Intermittent Grief

At the first meeting I attended after the death of my mother, I remember thinking how good it felt to be part of something larger than myself again. As I participated in the business of the day, I saw others and listened to their words. The man sitting next to me sputtered some well-intended words of condolence punctuated by a small, uncomfortable laugh.

In what seemed like an out of body experience, I realized that no one could possibly imagine the emptiness in my subdued spirit. When we grieve, though we may be physically present in situations that require us to engage with others, it is quite normal to feel emotionally absent. My sense of detachment from the group that day made me acutely aware of being on the loss side of the veil that separates life from death.

After the meeting I felt strangely disturbed and realized that being in a medical setting had roiled my subconscious. Without warning, a corner of my mind had flashed back to the illness and death that were still very fresh in my heart.

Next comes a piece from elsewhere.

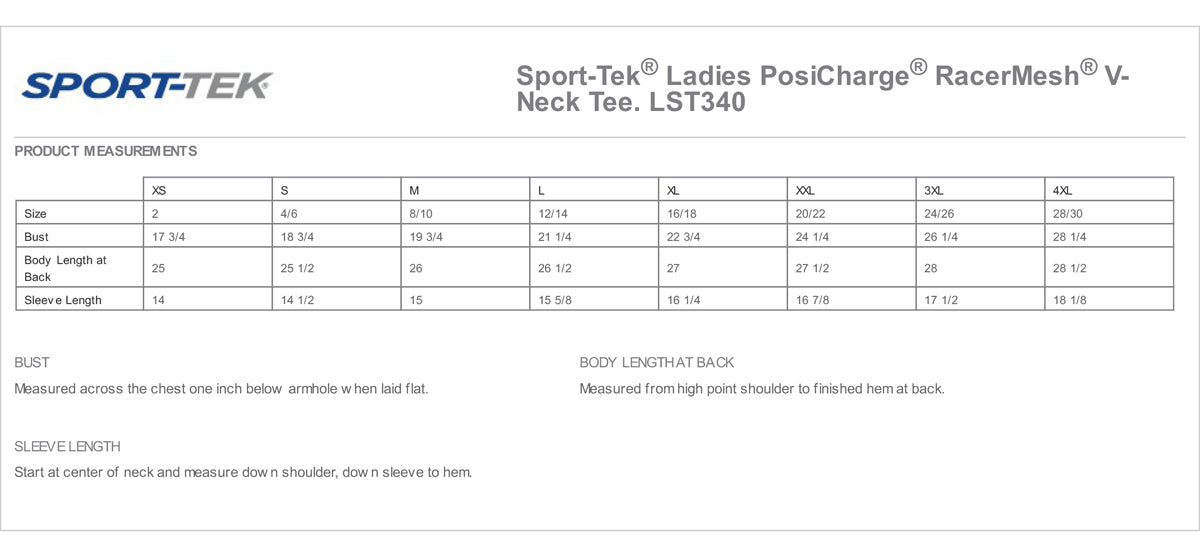 Sport-Tek® Ladies PosiCharge® RacerMesh® V-Neck Tee. LST340 Size Chart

I was more than a little surprised that this painful reminder had such a sharp effect on my still fragile spirit.

Intermittent grief is the faithful tap-tap-tapping on the window of our soul that gets our attention and transports us to the place of personal grief forever reserved for the one we love. Long after the tears of shock subside and we begin to think that we are better, time and again grief reaches into our heart to remind us of our loss. It surprises us, especially when we are unprepared to deal with it.

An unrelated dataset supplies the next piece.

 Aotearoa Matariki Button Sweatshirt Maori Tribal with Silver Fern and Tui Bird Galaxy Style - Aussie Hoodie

I was overwhelmed one evening by the closing scene of a television program in which a mother and daughter were reunited after a two-year separation. Their wordless embrace perfectly expressed the unbroken bond of their love. In the power of that moment my eyes filled with tears of longing because I never experienced that kind of relationship. Though I shed many tears and grieved in advance while my mother was alive, the sheer tenacity of intermittent grief always takes my breath away.

Intermittent grief heightens our sensitivity to associative recall. Sometimes even the smallest token or gesture reminds us of the one now lost to us in death. We think we have done the heart and mind work of grief, then suddenly we are confronted by something that triggers our emotions. We pause, reflect, and honor the sadness or sorrow or joy of a sacred memory.

When a place or event reminds us of our loss, often our heart skips directly to the emotions we associate with that particular experience. On a beautiful Sunday morning the church choir sang “One Faith, One Hope, One Lord”. My husband loved this anthem; it was sung when he retired and later at his memorial service. With the first notes of the organ my heart dissolved as I thought of him and remembered the powerful occasions of our life associated with that music. In a twinkling moment, I sensed him there beside me, loving me, comforting me. A memory of the unforgettable was transformed into a joyful reunion of our souls. 

If we enter into moments of intermittent grief without explanation or apology for our tears, we have an authentic encounter with the depth of our soul. We find comfort each time we remember the love we have known and will forever share with the one now lost to us in death, “You have granted me life and steadfast love, and your care has preserved my spirit” (Job 10:2 NRSV). We grieve because we love—love that delights us, love that surprises us, love that pains us, love that disappoints us. As we discover our heart’s own rhythm of growth and restoration to life, intermittent grief is a faithful reminder that love never dies.

We experience intermittent grief because it is not humanly possible to resolve the emotions of life and death and grief and put them aside for once and all time. In grace-filled moments of intermittent grief we stand with awe and wonder in the presence of God.

God will wipe every tear from their eyes. Death will be no more; mourning and crying and pain will be no more.